If you’ve already learnt about the basic forms of Arc welding (MIG, TIG and Stick) from our Welding Basics article, you’re probably curious about the various other types of welding. In this article, we talk about some of the most advanced and interesting welding techniques used in the world today.
Cold Welding is arguably one of the most phenomenal forms of welding known to man. Also referred to as Contact welding, this form of welding occurs when joining takes place without fusion or heating.
There is no liquid involved and the material does not experience a molten phase.
You’re probably wondering, how is this even possible?
Cold welding works by causing the metallic bonds (the agent that holds the atoms together in materials) to link the gap between metals and essentially fusing them into a single object. For example, if two, bare, steel rods were touching in the vacuum of space, they would soon become inseparable.

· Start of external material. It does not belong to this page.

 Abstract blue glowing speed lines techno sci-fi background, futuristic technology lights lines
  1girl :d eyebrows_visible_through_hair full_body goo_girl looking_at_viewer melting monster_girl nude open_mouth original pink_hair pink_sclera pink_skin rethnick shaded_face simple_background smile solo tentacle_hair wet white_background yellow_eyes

This happens because there is no oxygen in space, thus, the metals do not experience oxidation on their outer layers. This oxidation is a key element in what prevents metals from sticking to each-other, here on earth.
American Theoretical Physicist, Richard Feynman, commented this phenomena, in 1963, stating: “The reason for this unexpected behavior is that… there is no way for the atoms to “know” that they are in different pieces of copper. When there are other atoms, in the oxides and more complicated thin surface layers of contaminants in between, the atoms “know” when they are not on the same part”.
Ref: Richard Feynman, The Feynman Lectures, 12–2 Friction
Moving 330,000 ft back down to sea level, Hyperbaric welding or Underwater Welding, is prominent in the manufacturing industry for structural applications. Hyperbaric welding allows welding teams to fix any issues with ships out at sea, saving the time and costs involved with dry docking. This can be done both dry and wet settings.
Dy welding works at a raised pressure, and involves the weld to be performed within a chamber filled with a mixture of gases, sealed around the structure needing repair.
Wet welding on the other hand directly exposes both diver and electrode to water. Because of this, the electrode required for welds is made with a waterproof coating, the welding power supply is connected via cables and hoses and the process is generally restricted to steels with low-carbon to avoid the risk of hydrogen caused cracking.
As you might have taken from the name, the method involved with Ultrasonic welding machine exposes ultrasonic frequencies to the metal, causing them to fuse.
Operating at frequencies above kHz, The shear stress experienced by the metals results in the decomposition of the surface oxidation, thus, fusing the two surfaces fuse together.
This is also the fastest method of welding, taking less than a second to set, and is highly present in electrical, automotive and packaging industries where a precise and, solid weld is needed quickly, generally with thin metals.
Another machine that uses speed and sheer force, through a process that essentially rubs the two metals together, is the Friction Welder.
Friction welders work through the rotation of one work pieces at an insanely high Rpm and the other held in a fixed jaw. A lateral force is then induce a to connect the objects and as a result, the intense heat generated from the mechanical friction, leaves no choice but for the metals to forge together.
This method of welding is beneficial for manufacturing industries as they take seconds to join and do not involve any melting- this removes the chance of grain growth in engineered materials.
Achieving a perfect circular weld has never been easier, with Orbital welding machines specialising in mechanically rotating the welding arc 360° around a work-piece.
Commonly used to weld pipes and tubes, their consistency, precision and work speed, has also found benefit in crafting material for the Aerospace and Pharmaceutical.
Orbital Welders have the ability to work in the smallest of situations, with tubes of up-to 1.6mm small, and works at a weld-rate of about 5 inches per minute, depending on the metal thickness.
As satisfying as watching a hot knife slice through butter, Seam welding is used in the industry to produce a weld at the faying surface of two metals of similar or the same material.
A Seam weld uses two disc-shaped electrodes that rotate continuously, as the work-piece passes between, welding them together. This welding technique is generally used for making items like boilers, drums and tubing,
The welds produced by Seam welds are extremely durable, as the joint is not only welded together but also forged. For this reason, in competitive racing circles, Seam welds are also utilised for their exceptional rigidity in chassis and strut towers.